Naturally this has set up a very direct opposition of motivations, with Republicans calling for the heads of the leadership, and the Democrats resisting, because, well, what else would possibly happen in this situation? It would be absurd for either side to pretend that they would behave differently were the roles reversed, though the mitigating factor here is that many among the Democrats are indeed calling for the resignation of at least some of these leaders, particularly Governor Ralph Northam.
I’m here to say that Northam should most definitely stay in office, and to explain why I feel that it has nothing to do with his party affiliation, and much more to do with his character and record as a governor.
When accusations of racism or sexual misconduct come about, there tend to be many examples of “what-aboutism” thrown around. While our guy may be bad, he’s nothing compared to the horrors of what your guy has done.
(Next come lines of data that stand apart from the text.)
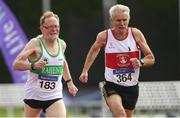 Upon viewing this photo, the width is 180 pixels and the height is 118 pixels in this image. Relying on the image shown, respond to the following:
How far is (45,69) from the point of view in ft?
25.3

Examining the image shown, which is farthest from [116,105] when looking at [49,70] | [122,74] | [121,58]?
[49,70]

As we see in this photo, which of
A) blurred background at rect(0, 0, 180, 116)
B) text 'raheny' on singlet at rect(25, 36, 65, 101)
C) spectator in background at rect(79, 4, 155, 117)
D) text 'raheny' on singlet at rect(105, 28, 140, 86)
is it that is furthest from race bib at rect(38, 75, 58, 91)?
blurred background at rect(0, 0, 180, 116)

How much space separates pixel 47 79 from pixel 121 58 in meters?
1.08

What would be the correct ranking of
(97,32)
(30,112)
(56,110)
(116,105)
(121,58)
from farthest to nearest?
1. (97,32)
2. (121,58)
3. (116,105)
4. (30,112)
5. (56,110)

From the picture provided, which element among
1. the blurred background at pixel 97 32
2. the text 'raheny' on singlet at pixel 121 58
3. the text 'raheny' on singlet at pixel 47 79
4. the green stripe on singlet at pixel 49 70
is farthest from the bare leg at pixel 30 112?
the blurred background at pixel 97 32

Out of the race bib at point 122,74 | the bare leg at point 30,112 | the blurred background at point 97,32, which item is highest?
the race bib at point 122,74

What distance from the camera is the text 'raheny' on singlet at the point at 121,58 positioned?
838 cm

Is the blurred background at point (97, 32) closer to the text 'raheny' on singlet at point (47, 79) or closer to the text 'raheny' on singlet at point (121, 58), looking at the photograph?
the text 'raheny' on singlet at point (121, 58)

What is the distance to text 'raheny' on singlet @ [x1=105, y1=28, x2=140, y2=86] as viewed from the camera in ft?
27.5

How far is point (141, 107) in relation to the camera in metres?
12.1

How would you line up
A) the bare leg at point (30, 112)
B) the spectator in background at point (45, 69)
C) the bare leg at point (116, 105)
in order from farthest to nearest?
the bare leg at point (116, 105) < the bare leg at point (30, 112) < the spectator in background at point (45, 69)

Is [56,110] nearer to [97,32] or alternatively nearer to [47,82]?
[47,82]

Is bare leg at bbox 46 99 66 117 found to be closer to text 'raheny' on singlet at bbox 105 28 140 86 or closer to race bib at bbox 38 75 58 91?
race bib at bbox 38 75 58 91

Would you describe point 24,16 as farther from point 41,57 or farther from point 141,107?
point 41,57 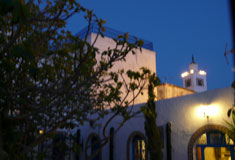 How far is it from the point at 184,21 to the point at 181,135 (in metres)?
142

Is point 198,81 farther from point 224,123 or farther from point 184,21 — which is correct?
point 184,21

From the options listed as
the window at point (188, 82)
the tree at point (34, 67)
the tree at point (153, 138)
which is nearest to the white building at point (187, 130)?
the tree at point (153, 138)

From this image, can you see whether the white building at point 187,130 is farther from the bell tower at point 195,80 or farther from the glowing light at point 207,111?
the bell tower at point 195,80

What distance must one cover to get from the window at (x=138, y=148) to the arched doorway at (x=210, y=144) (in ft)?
9.03

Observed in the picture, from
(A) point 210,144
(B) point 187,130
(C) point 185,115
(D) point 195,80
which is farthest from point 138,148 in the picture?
(D) point 195,80

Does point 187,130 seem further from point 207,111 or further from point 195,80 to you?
point 195,80

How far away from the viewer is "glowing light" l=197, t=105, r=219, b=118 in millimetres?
9867

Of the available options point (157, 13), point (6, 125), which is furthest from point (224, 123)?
point (157, 13)

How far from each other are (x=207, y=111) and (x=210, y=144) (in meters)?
1.24

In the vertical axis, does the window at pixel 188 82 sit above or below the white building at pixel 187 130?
above

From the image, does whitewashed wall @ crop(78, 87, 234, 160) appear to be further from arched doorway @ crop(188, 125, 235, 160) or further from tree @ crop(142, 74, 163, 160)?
tree @ crop(142, 74, 163, 160)

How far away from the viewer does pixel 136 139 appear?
1315 centimetres

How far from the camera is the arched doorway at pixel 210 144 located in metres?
9.61

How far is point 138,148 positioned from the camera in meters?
12.9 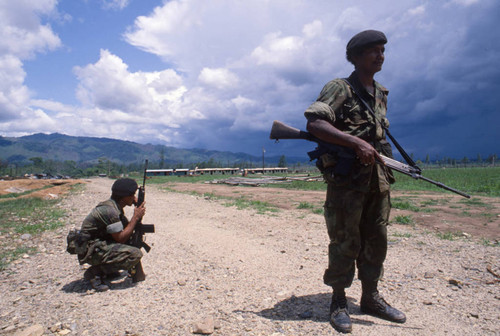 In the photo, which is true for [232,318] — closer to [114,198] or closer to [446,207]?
[114,198]

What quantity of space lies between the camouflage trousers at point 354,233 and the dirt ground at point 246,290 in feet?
1.46

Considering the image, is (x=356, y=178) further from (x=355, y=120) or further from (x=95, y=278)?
(x=95, y=278)

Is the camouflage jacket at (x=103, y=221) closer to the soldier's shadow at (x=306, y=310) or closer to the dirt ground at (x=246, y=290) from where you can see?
the dirt ground at (x=246, y=290)

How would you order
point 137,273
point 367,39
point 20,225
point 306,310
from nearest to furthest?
point 367,39 → point 306,310 → point 137,273 → point 20,225

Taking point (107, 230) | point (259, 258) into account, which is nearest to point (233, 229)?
point (259, 258)

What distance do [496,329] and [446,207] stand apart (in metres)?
8.71

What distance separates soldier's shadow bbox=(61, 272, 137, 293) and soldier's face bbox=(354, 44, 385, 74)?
3.57 meters

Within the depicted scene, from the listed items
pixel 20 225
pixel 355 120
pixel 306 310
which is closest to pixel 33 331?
pixel 306 310

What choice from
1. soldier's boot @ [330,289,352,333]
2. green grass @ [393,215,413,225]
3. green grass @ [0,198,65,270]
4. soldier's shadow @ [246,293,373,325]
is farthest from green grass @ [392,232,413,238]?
green grass @ [0,198,65,270]

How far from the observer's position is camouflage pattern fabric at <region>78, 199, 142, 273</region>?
3.71 meters

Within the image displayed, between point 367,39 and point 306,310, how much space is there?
2590 mm

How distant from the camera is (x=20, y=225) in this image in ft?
25.8

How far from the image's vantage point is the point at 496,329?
8.64 ft

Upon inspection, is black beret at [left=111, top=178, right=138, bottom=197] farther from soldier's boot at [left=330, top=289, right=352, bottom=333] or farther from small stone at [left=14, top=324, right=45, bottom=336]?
soldier's boot at [left=330, top=289, right=352, bottom=333] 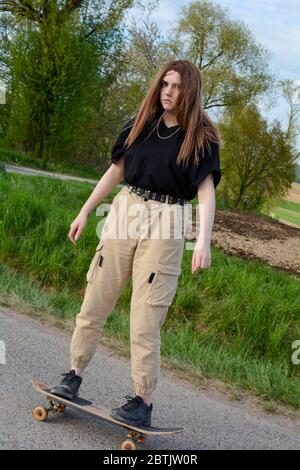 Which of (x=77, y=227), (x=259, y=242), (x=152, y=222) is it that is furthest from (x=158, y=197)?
(x=259, y=242)

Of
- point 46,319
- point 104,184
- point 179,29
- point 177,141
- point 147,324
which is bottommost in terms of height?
point 46,319

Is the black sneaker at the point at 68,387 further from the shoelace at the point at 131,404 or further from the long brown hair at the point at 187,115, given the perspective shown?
the long brown hair at the point at 187,115

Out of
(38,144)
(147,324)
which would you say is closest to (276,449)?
(147,324)

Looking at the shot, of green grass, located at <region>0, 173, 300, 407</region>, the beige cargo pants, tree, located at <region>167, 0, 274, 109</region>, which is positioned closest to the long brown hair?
the beige cargo pants

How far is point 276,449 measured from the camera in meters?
3.34

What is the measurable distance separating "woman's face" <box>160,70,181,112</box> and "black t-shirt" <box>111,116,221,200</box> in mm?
108

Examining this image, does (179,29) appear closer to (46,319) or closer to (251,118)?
(251,118)

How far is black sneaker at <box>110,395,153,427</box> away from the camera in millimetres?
3127

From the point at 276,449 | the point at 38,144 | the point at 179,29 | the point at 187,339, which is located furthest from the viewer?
the point at 179,29

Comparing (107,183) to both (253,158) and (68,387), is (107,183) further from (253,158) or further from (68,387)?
(253,158)

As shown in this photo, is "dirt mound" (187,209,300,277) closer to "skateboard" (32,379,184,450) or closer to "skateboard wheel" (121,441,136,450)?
"skateboard" (32,379,184,450)

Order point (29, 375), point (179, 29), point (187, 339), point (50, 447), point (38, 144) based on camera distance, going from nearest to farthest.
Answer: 1. point (50, 447)
2. point (29, 375)
3. point (187, 339)
4. point (38, 144)
5. point (179, 29)

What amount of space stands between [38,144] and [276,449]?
17415 millimetres

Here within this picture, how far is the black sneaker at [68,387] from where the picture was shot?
331 cm
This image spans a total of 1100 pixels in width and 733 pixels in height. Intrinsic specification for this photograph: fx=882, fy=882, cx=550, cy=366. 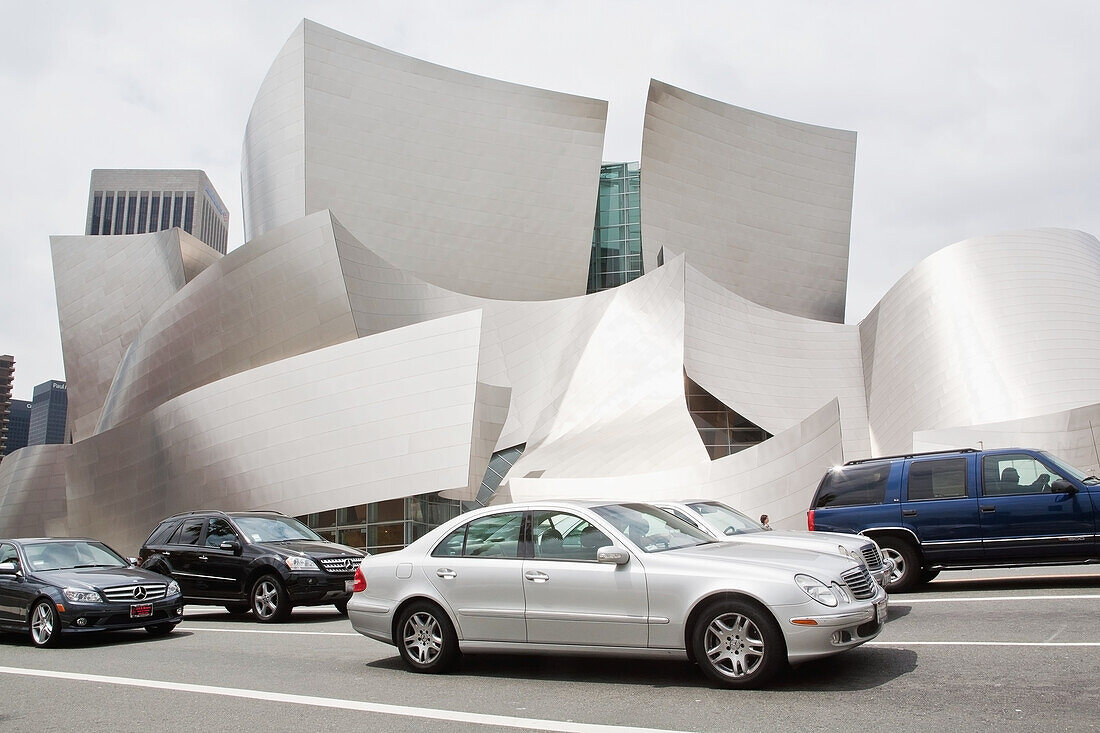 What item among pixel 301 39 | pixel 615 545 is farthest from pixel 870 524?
pixel 301 39

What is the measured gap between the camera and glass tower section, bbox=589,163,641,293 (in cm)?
4647

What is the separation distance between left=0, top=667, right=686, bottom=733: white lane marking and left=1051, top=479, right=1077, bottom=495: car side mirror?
6895 millimetres

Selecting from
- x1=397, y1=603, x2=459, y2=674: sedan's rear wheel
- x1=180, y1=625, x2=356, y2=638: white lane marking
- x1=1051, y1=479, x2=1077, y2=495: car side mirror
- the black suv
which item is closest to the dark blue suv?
x1=1051, y1=479, x2=1077, y2=495: car side mirror

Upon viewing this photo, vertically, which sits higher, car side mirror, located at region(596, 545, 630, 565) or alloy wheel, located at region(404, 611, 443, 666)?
car side mirror, located at region(596, 545, 630, 565)

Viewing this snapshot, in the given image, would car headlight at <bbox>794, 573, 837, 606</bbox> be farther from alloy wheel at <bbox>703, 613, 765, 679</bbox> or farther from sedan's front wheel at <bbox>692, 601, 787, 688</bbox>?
alloy wheel at <bbox>703, 613, 765, 679</bbox>

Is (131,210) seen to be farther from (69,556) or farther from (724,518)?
(724,518)

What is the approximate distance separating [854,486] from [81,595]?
29.2ft

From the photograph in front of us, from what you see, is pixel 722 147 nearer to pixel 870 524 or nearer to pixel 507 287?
pixel 507 287

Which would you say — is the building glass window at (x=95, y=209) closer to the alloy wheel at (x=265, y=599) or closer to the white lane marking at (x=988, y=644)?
the alloy wheel at (x=265, y=599)

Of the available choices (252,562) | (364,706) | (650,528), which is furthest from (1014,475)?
(252,562)

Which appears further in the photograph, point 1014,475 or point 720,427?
point 720,427

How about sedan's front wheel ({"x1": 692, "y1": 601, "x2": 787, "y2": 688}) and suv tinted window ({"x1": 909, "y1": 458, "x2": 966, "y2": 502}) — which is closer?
sedan's front wheel ({"x1": 692, "y1": 601, "x2": 787, "y2": 688})

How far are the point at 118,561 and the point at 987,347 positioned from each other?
1000 inches

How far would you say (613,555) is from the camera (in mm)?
5902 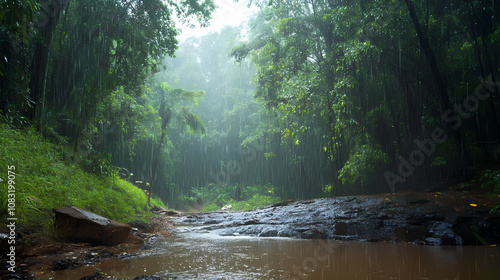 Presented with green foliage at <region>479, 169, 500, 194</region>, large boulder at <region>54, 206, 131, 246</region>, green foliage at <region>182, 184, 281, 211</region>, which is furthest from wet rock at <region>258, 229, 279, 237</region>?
green foliage at <region>182, 184, 281, 211</region>

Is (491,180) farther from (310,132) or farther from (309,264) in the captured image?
(310,132)

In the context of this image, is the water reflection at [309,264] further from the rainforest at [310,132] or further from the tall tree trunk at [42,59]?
the tall tree trunk at [42,59]

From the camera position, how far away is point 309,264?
278 centimetres

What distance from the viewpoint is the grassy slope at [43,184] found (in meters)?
3.41

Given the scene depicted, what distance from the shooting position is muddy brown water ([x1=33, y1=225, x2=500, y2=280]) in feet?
7.66

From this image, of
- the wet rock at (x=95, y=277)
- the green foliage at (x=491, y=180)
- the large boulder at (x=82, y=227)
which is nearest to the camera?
the wet rock at (x=95, y=277)

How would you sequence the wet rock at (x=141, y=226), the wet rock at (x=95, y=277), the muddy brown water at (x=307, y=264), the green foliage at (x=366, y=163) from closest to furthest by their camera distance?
1. the wet rock at (x=95, y=277)
2. the muddy brown water at (x=307, y=264)
3. the wet rock at (x=141, y=226)
4. the green foliage at (x=366, y=163)

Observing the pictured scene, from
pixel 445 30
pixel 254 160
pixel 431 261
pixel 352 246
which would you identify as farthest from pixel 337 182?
pixel 254 160

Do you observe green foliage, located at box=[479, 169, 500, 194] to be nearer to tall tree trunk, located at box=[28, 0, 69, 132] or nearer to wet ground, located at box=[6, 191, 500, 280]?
wet ground, located at box=[6, 191, 500, 280]

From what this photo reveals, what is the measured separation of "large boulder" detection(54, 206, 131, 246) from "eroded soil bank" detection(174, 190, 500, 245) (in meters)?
2.77

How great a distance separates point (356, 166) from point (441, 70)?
3316 millimetres

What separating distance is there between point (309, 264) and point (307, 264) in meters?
0.02

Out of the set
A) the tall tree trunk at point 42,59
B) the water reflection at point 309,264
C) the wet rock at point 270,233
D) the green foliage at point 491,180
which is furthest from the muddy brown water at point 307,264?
the tall tree trunk at point 42,59

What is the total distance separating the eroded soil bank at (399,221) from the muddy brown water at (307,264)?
0.45m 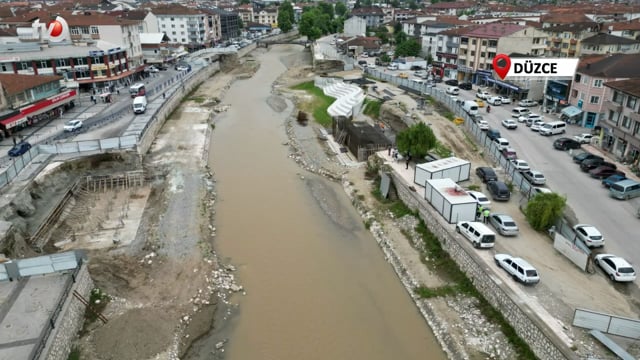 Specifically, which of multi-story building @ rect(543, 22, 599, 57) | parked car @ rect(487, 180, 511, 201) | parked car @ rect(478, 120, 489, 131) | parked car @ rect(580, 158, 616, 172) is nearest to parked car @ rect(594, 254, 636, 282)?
parked car @ rect(487, 180, 511, 201)

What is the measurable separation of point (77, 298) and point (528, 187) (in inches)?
990

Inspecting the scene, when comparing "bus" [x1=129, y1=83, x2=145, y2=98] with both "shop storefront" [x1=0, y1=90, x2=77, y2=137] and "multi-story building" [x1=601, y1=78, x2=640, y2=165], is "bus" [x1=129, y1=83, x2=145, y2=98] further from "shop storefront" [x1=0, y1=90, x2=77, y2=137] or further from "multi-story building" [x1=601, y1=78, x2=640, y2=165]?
"multi-story building" [x1=601, y1=78, x2=640, y2=165]

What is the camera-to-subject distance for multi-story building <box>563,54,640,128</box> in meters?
40.4

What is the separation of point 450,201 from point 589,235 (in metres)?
6.78

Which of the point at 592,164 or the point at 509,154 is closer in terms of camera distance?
the point at 592,164

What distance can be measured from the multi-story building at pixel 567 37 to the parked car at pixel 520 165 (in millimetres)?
36990

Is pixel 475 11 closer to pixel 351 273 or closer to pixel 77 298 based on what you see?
pixel 351 273

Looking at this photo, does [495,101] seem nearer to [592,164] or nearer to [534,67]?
[534,67]

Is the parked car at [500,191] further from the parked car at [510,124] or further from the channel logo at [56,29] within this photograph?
the channel logo at [56,29]

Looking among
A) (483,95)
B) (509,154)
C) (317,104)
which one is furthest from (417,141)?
(317,104)

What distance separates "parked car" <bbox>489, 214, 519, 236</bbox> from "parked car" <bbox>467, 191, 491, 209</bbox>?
1711 mm

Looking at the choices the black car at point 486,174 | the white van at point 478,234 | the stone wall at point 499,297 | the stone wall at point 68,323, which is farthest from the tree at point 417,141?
the stone wall at point 68,323

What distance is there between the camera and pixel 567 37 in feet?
201

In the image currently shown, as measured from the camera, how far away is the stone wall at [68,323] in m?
16.5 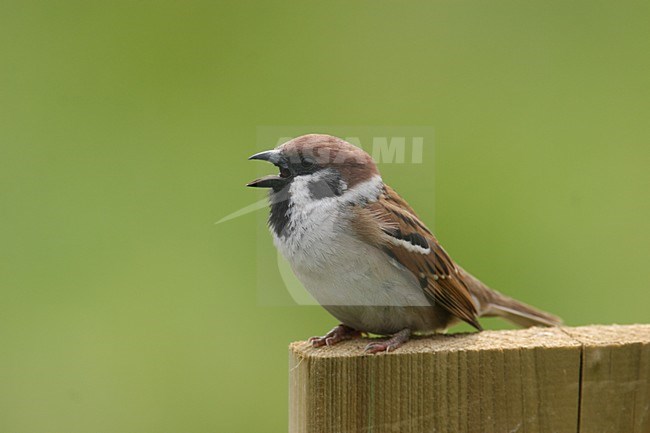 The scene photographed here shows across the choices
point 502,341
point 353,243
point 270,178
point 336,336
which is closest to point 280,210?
point 270,178

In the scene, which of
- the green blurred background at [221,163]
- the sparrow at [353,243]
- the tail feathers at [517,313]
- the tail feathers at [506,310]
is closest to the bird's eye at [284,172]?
the sparrow at [353,243]

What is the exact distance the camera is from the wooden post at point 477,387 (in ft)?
6.81

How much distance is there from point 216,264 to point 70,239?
0.97 metres

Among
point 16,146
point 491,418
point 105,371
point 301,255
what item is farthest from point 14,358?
point 491,418

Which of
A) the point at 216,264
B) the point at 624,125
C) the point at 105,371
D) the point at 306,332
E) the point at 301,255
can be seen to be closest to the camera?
the point at 301,255

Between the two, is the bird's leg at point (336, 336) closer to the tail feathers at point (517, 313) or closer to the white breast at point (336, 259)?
the white breast at point (336, 259)

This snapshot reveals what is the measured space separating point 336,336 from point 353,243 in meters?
0.28

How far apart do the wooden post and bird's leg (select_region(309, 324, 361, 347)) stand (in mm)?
41

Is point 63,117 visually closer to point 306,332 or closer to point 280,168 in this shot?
point 306,332

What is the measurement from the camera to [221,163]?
138 inches

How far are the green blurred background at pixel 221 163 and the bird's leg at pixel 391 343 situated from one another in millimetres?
1165

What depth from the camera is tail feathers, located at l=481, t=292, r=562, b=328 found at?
2977 mm

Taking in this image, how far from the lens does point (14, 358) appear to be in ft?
13.8

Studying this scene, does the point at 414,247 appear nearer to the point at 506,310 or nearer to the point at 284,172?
the point at 284,172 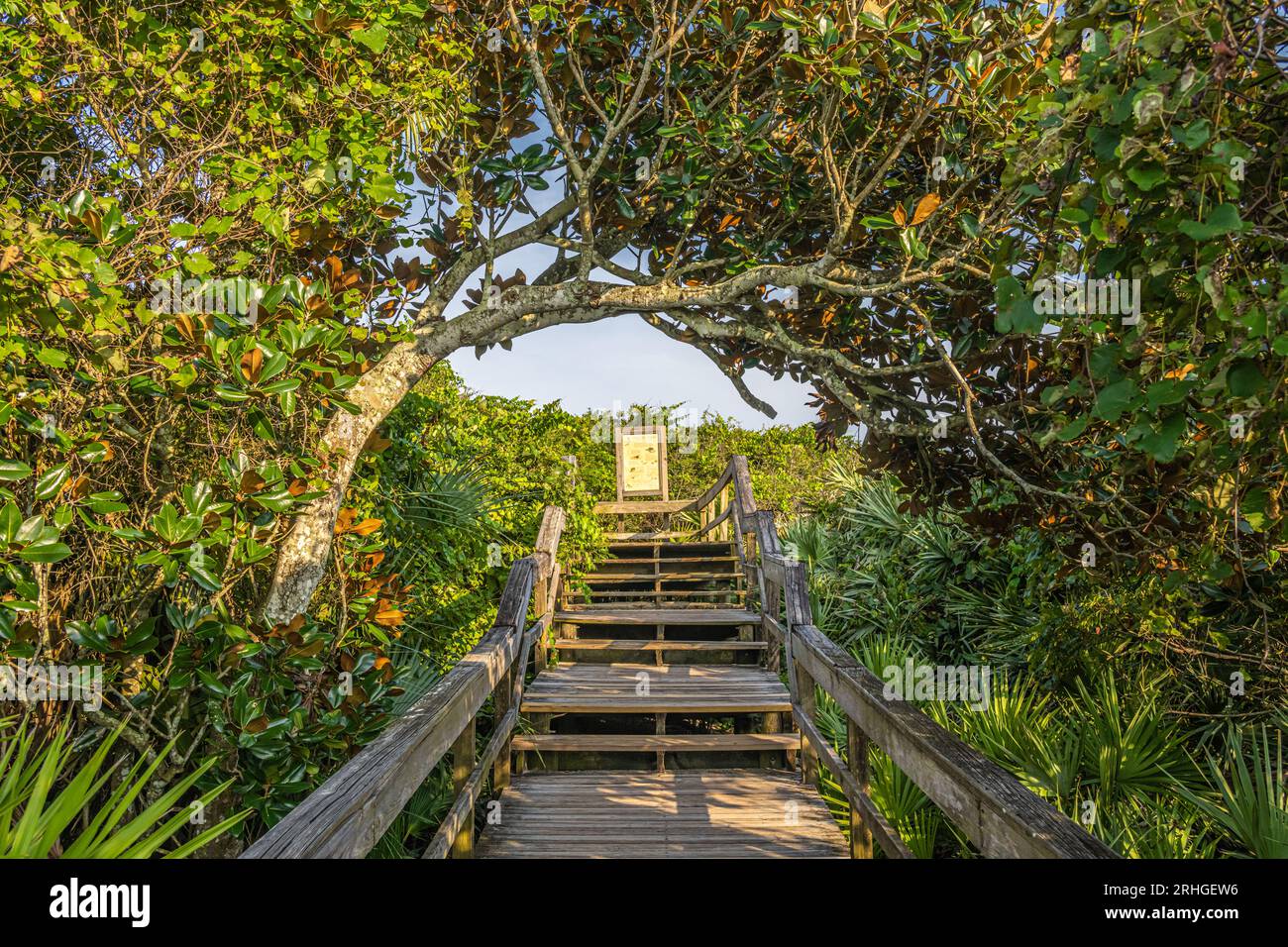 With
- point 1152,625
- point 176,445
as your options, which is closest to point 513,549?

In this case, Gov. Northam made a very serious mistake when he was a young man. And he doubly screwed himself with his ridiculous response to the fiasco, in which he initially admitted to being in the racist photo in question, and then walked that back while simultaneously fessing up to actually having donned blackface at a different moment. During that surreal press conference, he seemed on the verge of actually doing the moonwalk in front of the assembled media.
Northam’s opponents certainly have a case for claiming that his judgment has been pretty terrible throughout this ordeal. I’m less convinced that he should step aside due to his insensitivity and ignorance regarding the issue of race.
It’s not simply an issue of the incidents in question having happened 35 years ago. One must also examine the current state of the man to truly evaluate whether we stand to gain, or lose, from his resignation. As has been pointed out, in observing his record as governor, Northam has been friendly to the interests of those whom his thoughtless behavior impugned.
The fact is, the majority of black voters in Virginia prefer that he stay on as governor, and at this point in time it would be wise to defer to them on this matter. It would be horribly unfair if an accusation of racism were to jettison a leader who has helped Virginia move forward on issues of race. As a legislator, Northam consistently voted down attempts at voter suppression, and voted to increase the minimum wage, moves that disproportionately benefit constituents of color.
As a white person, it really isn’t up to me to decide what sort of forgiveness may be extended to Gov. Northam. That’s for the people his actions have hurt to decide. But I do think it’s important to at least keep the possibility of redemption on the table. And to do so especially for those who have owned up to their past behavior and recognized it for what it was: completely unacceptable.
Early last year, actor and comedian Aziz Ansari was accused, by an anonymous woman, of sexual misconduct. The article was met with a variety of reactions, but it touched off a discussion about the gap in expectations between men and women when it came to sexual encounters.
In the wake of the reaction to this incident, I wrote an open letter to Ansari, describing my evolving understanding of the situation, and my wish that he would handle it differently. I highly doubt the letter ever got to him, but it still reflects my feelings. I believe he should have owned up to his failings, and declared, “I still have work to do.”
On the contrary, Ansari chose to issue a statement saying that the encounter “by all indications was completely consensual,” and accepting no blame at all. As I wrote, I understood the risk he would be taking were he to admit to his failings, and that it could impact his whole career, and that his lawyers probably told him to put his head down and power through. But this sort of approach helps to perpetuate the very injustices that Ansari, in his progressive comedy, ostensibly seeks to root out.
Like the comedian, politicians usually follow the path of denial, given that the only witnesses might be the victim making the accusation, or a college drinking buddy with a hazy memory. Their calculation is shrewd—they reason that they’re much likelier to survive the scandal based on lack of evidence than based on contrition. But it doesn’t have to be this way.
If we accept that politicians, like the rest of us, are human beings, and are guaranteed to make mistakes, particularly in their youth, it opens up the space to offer them forgiveness based on the person they’ve become. And I would much rather be led by a flawed but honest person than by one who maintains their spotless veneer by painting over it with lies.